Further, the method can be realized in being operably coupled to suitable any kind of computing platform, wrap
Include but be not limited to PC, mini-computer, main frame, work station, network or distributed computing environment, individual or integrated
Computer platform or communicated with charged particle tool or other imaging devices etc..Each aspect of the present invention can be to deposit
The machine readable code in non-transitory medium or equipment is stored up to realize, it is flat no matter to be moveable or be integrated to calculating
Platform, such as hard disk, optically read and/or write-in medium, RAM, ROM so that it can be read by programmable calculator, when medium or
It can be used for configuration and operation computer when equipment is read by computer to execute process described herein.In addition, machine readable
Code, or part thereof can be transmitted by wired or wireless network.When such media include combining microprocessor or other data
When processor realizes the instruction or program of steps described above, invention described in the present embodiment includes these and other different types
Non-transitory computer-readable medium.When methods and techniques according to the present invention programming, the invention also includes calculating
Machine itself.
Computer program can be applied to input data to execute function described in the present embodiment, to convert input data
It is stored with generating to the output data of nonvolatile memory.Output information can also be applied to one or more output equipments such as
Display.In the preferred embodiment of the invention, the data of conversion indicate physics and tangible object, including generate on display
Physics and physical objects particular visual describe.

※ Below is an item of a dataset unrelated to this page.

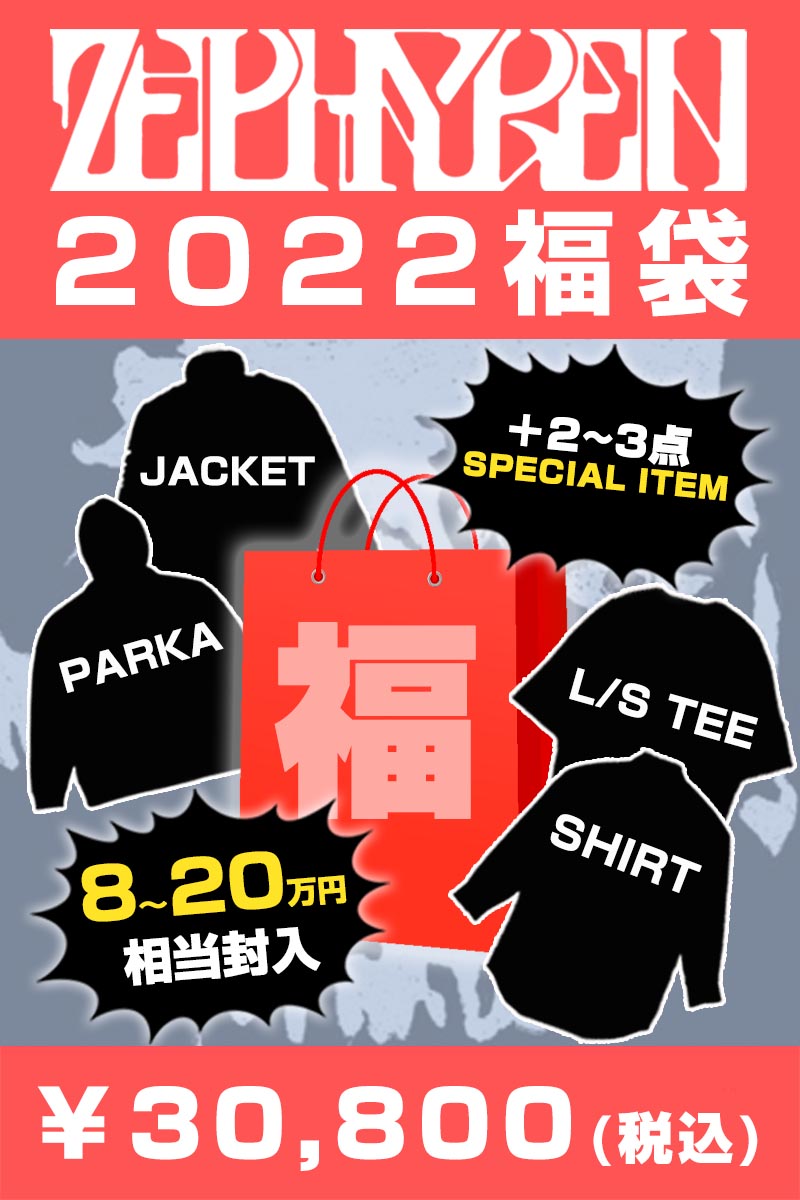 Zephyren 2022 NEW YEAR BAG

The above, only presently preferred embodiments of the present invention, the invention is not limited to above embodiment, as long as
It reaches technical effect of the invention with identical means, all within the spirits and principles of the present invention, any modification for being made,
Equivalent replacement, improvement etc., should be included within the scope of the present invention.Its technical solution within the scope of the present invention
And/or embodiment can have a variety of different modifications and variations.
Claims (10)
1. a kind of industrial flow data processing method, which comprises the following steps:
Classified using trained multiple mutually different sorting algorithms to industrial flow data, to obtain multiple points
Class result;
It is voted using trained Voting Algorithm multiple classification results, to make each classification results difference
Corresponding corresponding poll, then output is corresponding with the classification results of highest poll;
According to the classification results exported, whether output belongs to the judging result of abnormal data to the industrial flow data.

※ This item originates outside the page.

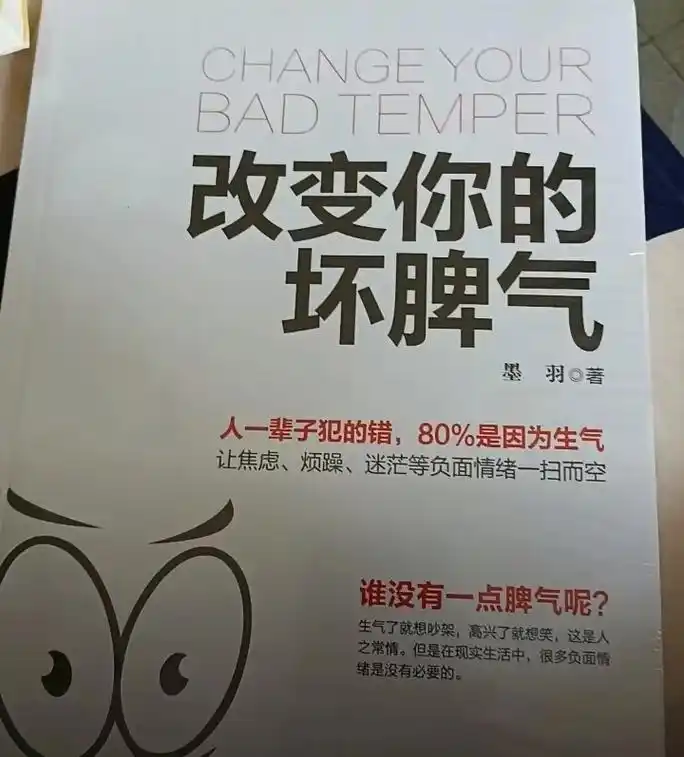 谁没有一点脾气呢?但有必要吗?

2. a kind of industrial flow data processing method according to claim 1, which is characterized in that it further include training step,
The training step specifically includes:
Obtain data label corresponding with the industrial flow data;The data label is for indicating the corresponding industry stream
Measure the classification of data;
Training set is established using the industrial flow data and the data label;Industrial flow data in the training set are used
Make the input data of each sorting algorithm, the data label in the training set is used as the desired output of the Voting Algorithm;
Each sorting algorithm and Voting Algorithm are trained using the training set.

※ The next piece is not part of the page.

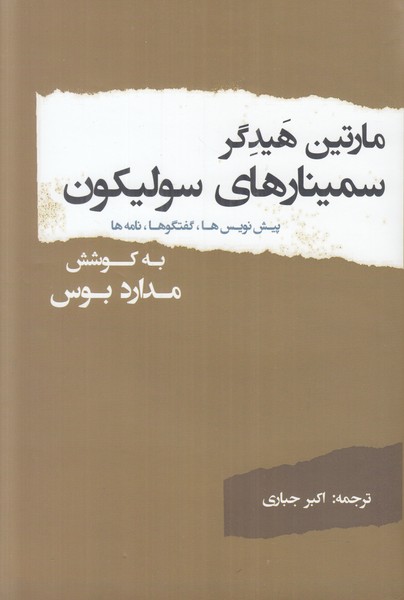 مارتین هیدگر سمینارهای سولیکون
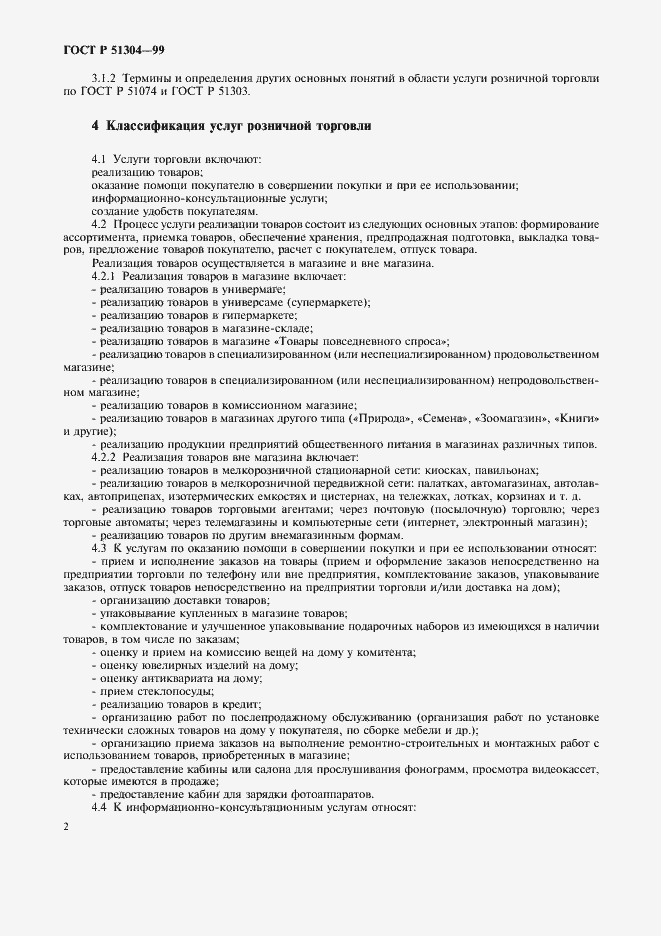 Страница 5 ГОСТ Р 51304-99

3. a kind of industrial flow data processing method according to claim 2, which is characterized in that further comprising the steps of:
The repeatedly training step is executed, and the ballot weight of the Voting Algorithm is carried out after executing training step every time
Adjustment;The ballot weight is used for so that when executing the Voting Algorithm, and the poll that each classification results obtain has phase
The weight answered;
When the output of the Voting Algorithm is with the error minimum between corresponding data label, corresponding ballot weight is recorded;
The Voting Algorithm is set according to the ballot weight recorded.
4. a kind of industrial flow data processing method according to claim 1-3, which is characterized in that the multiple
Mutually different sorting algorithm is K nearest neighbor algorithm, NB Algorithm and decision Tree algorithms.
5. a kind of industrial flow data processing method according to claim 1-3, which is characterized in that further include with
Lower step:
Detect the length of the industrial flow data;
If the length of the industrial flow data is greater than preset length, the industrial flow data are truncated to the default length
Degree carries out data bit to the industrial flow data and supplies if the length of the industrial flow data is less than preset length, from
And the length of the industrial flow data is made to increase to the preset length;
The industrial flow data by truncating or data bit is supplied are normalized.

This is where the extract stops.